▶ [Required work]:
Every record needs to be repeated exactly; its pictures do not.

Stored items from a collection:
§ §
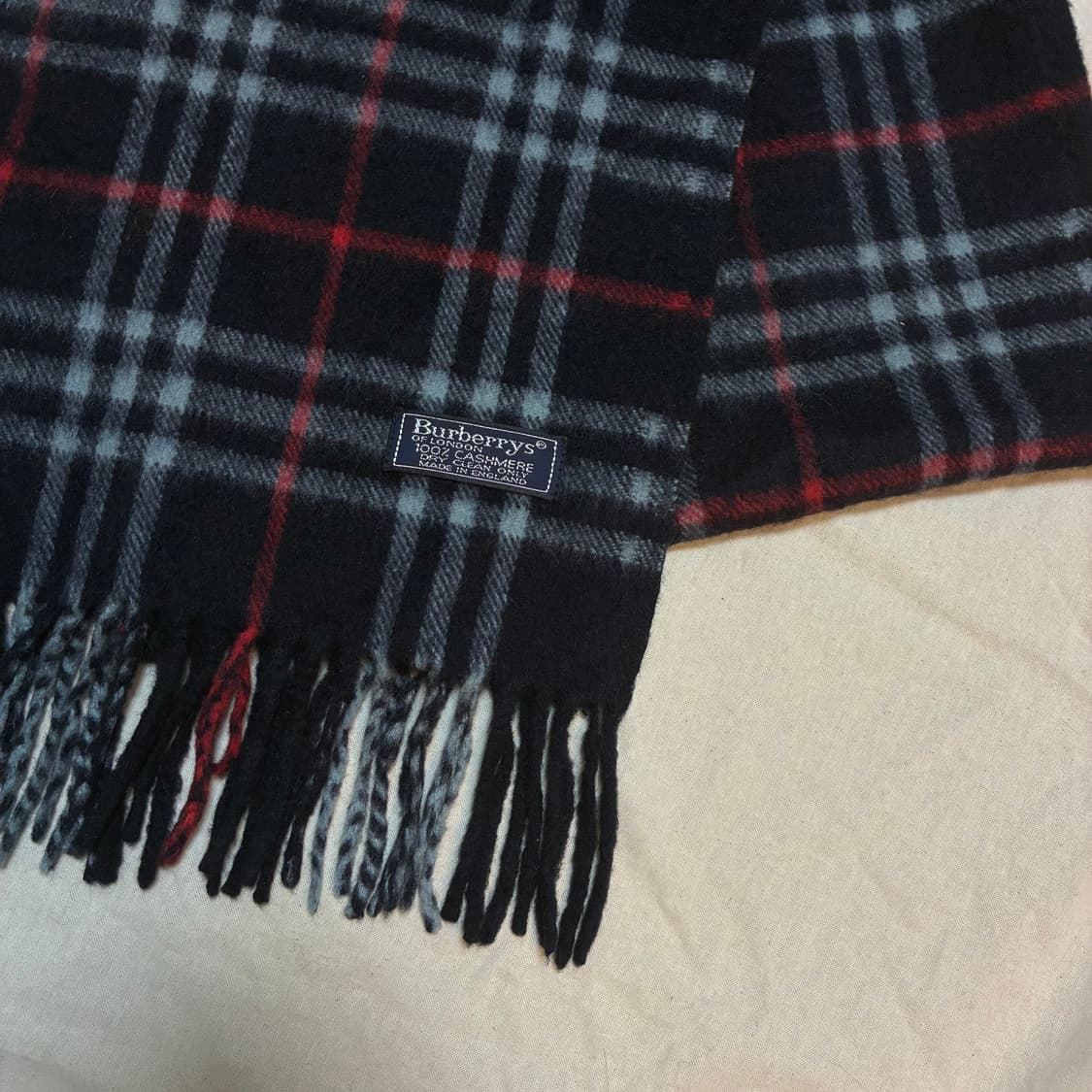 버버리 정품 캐시미어 머플러 체크 상품이미지3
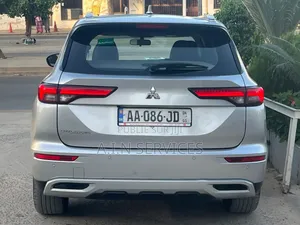 Mitsubishi Outlander 2022 Gris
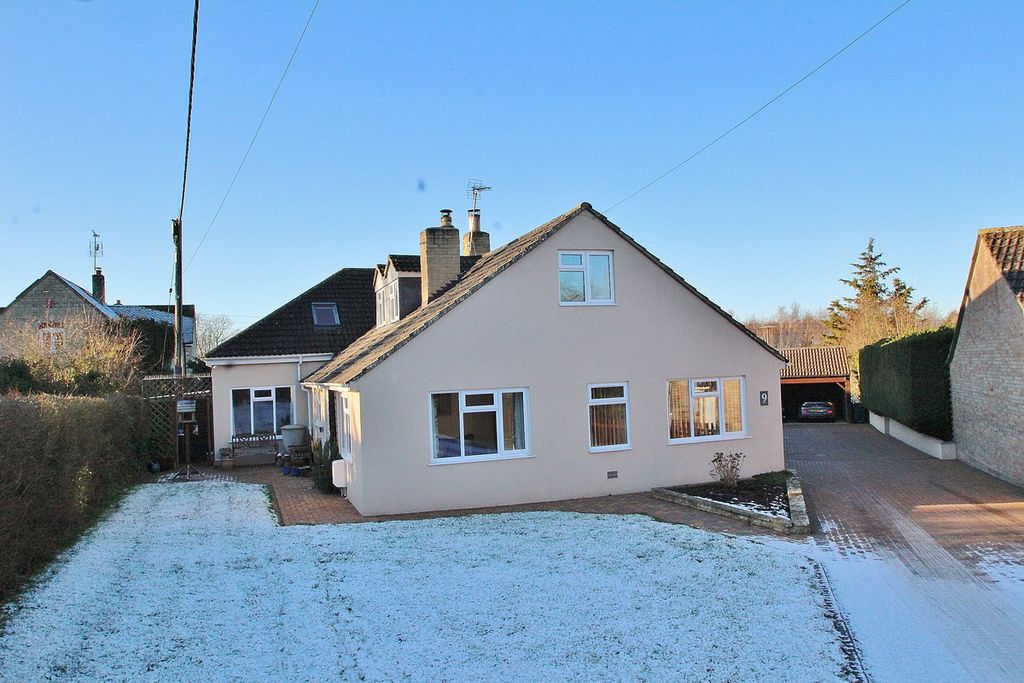 Property photo 3 of 27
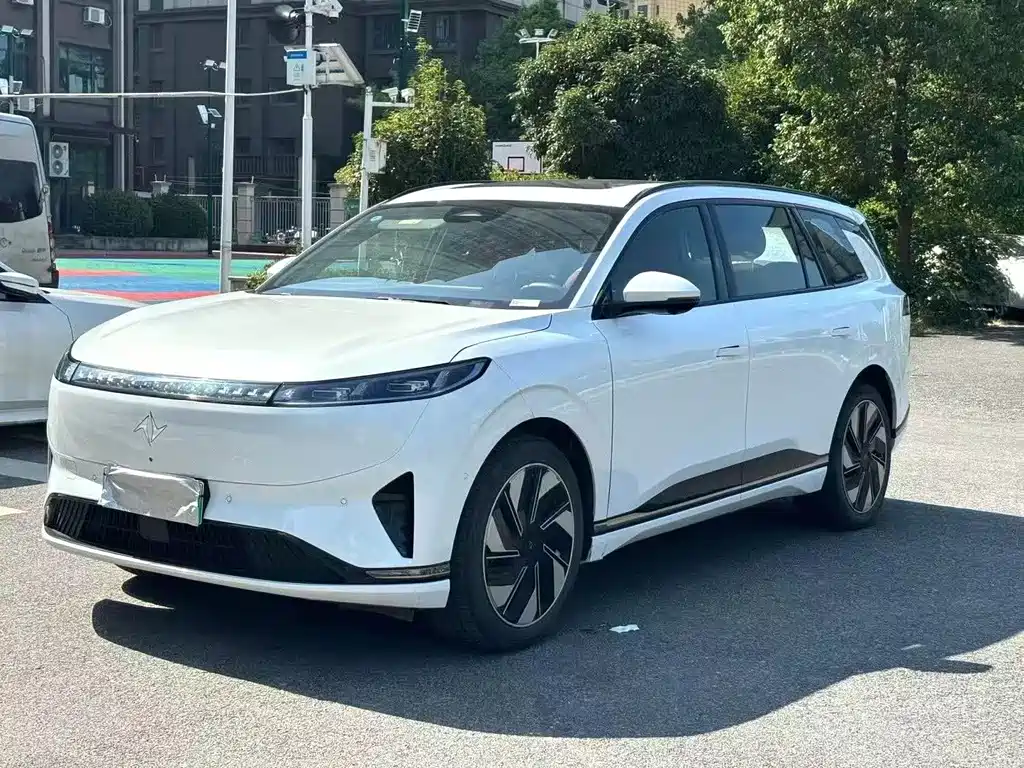Dongfeng eπ008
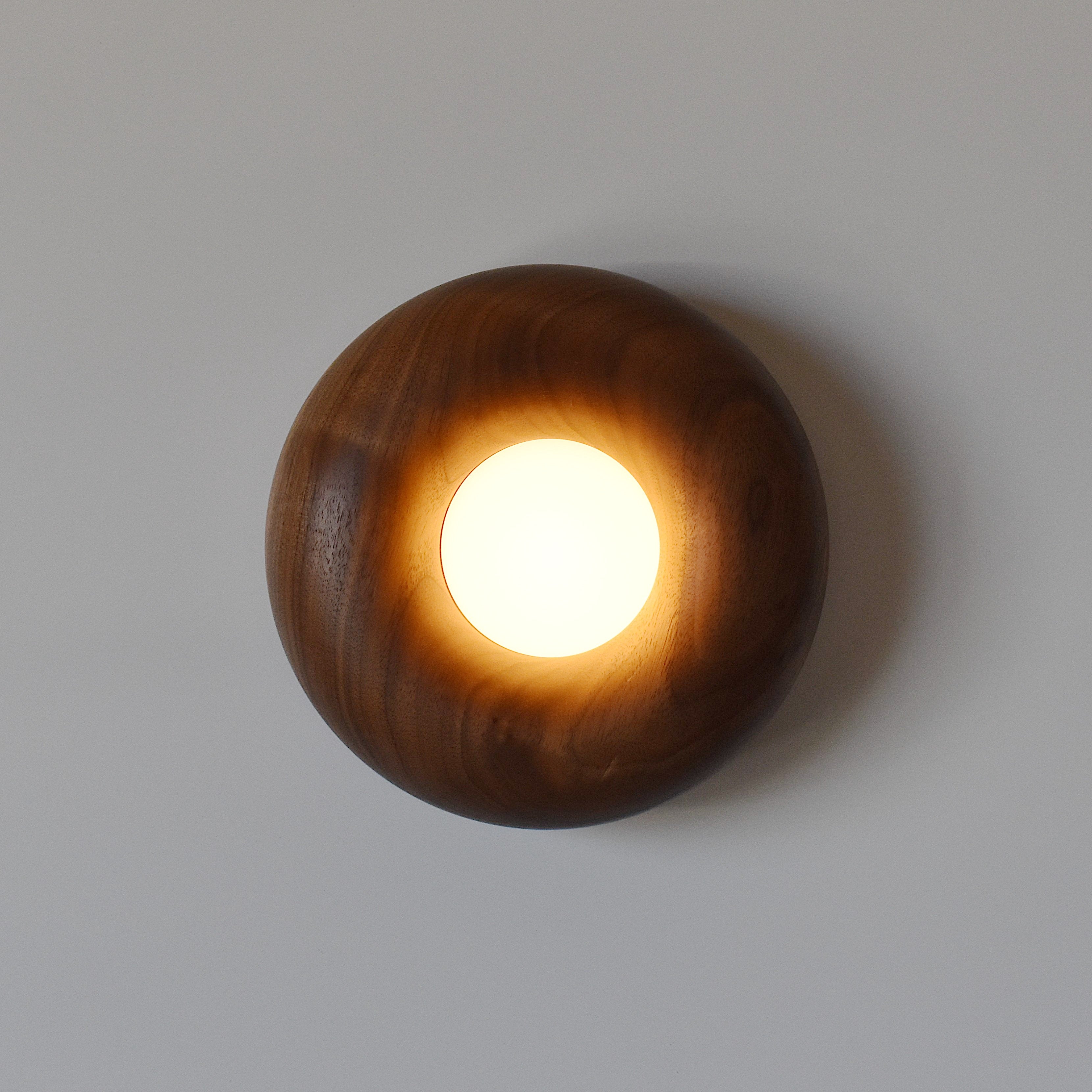 DOUGHNUTS LIGHT［受注生産品］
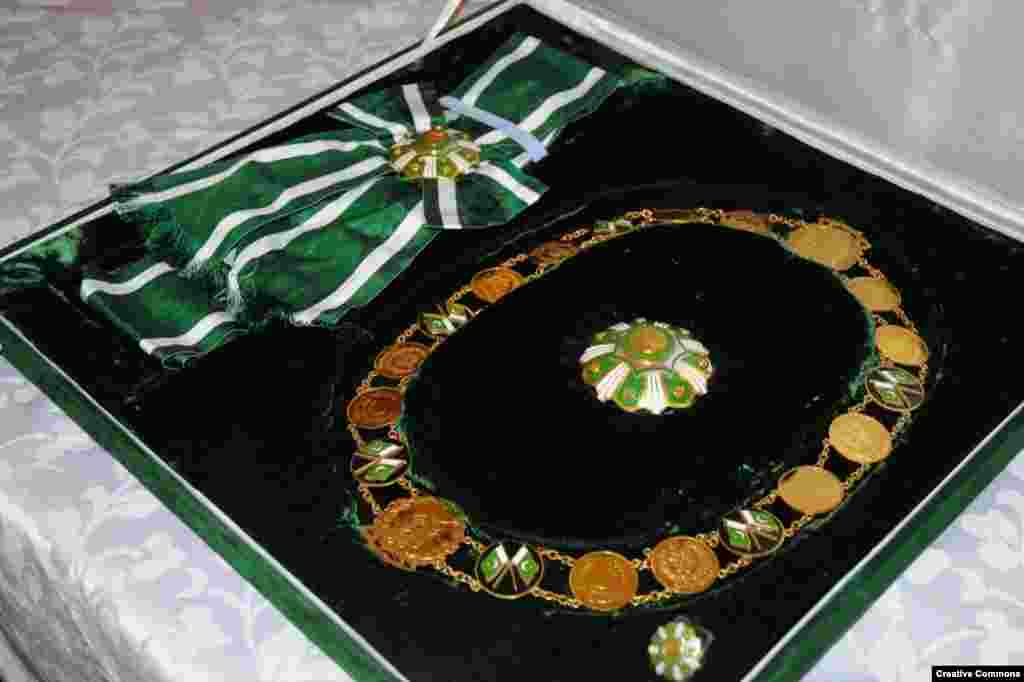 Орден Пакистану   Ця нагорода зазвичай вручається щороку 14 серпня, в День незалежності Пакистану. Нагороду вручали гравцеві в крикет Даррену Семмі з Сент-Люсії за його «неоціненний вклад в пакистанський крикет»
§ §
▶ [Task answer]:
 버버리 정품 캐시미어 머플러 체크 상품이미지3
 Mitsubishi Outlander 2022 Gris
 Property photo 3 of 27
Dongfeng eπ008
 DOUGHNUTS LIGHT［受注生産品］
 Орден Пакистану   Ця нагорода зазвичай вручається щороку 14 серпня, в День незалежності Пакистану. Нагороду вручали гравцеві в крикет Даррену Семмі з Сент-Люсії за його «неоціненний вклад в пакистанський крикет»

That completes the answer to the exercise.